Today's post is a Style Tip I wrote several years ago for the Heart of America Christian Writers Network newsletter.
Remember that old baseball comedy routine, “Who’s On First?” The confusion centered on a player named Who.
“Who’s on first?” the comedian asks. “Who,” answers the second actor. From there the conversation circled endlessly.
Maybe you get the same feeling when you try to decide whether to use which or that.
According to The Chicago Manual of Style, this is the rule: use which to set off nonrestrictive clauses; use that to introduce restrictive clauses.

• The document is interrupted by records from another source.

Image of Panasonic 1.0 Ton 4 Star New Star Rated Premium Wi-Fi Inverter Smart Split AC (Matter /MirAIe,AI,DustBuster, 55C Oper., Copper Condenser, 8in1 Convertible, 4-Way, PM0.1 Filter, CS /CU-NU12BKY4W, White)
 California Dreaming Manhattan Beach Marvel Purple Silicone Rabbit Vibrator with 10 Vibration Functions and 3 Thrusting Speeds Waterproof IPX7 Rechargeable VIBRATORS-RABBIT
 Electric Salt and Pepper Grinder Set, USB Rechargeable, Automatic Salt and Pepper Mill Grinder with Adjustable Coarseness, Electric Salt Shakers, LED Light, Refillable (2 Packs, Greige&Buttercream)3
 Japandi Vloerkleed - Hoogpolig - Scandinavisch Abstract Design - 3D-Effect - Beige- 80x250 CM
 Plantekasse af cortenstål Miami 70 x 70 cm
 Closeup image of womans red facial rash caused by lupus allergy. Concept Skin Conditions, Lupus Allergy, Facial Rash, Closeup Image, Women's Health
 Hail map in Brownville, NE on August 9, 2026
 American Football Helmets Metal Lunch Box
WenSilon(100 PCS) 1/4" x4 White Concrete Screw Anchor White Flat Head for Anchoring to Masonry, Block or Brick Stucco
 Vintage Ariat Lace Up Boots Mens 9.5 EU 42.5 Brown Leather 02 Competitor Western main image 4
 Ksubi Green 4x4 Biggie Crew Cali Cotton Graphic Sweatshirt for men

Oh yeah, now you get it – if only you knew what a nonrestrictive clause is.
Fortunately, the big orange book of style goes on to explain that a restrictive clause is one that is necessary to the sentence; therefore, a nonrestrictive clause would be . . . You get the idea.
Still puzzled? Here are some CMS examples to illustrate the point more succinctly:
Pizza that’s less than an inch deep just isn’t Chicago style.
Pizza, which is a favorite among Chicagoans, can be either bad for you or good, depending on how much of it you eat.
If, however, you take out the clause “which is a favorite among Chicagoans” from the second sentence, it still makes sense: i.e., pizza can be either bad for you or good, and whether or not it is a favorite among Chicagoans does not “restrict” this meaning; therefore the clause is nonrestrictive and should be introduced by “which” and set off by commas.
Or to put it another way – that which does not kill you, makes you a better writer.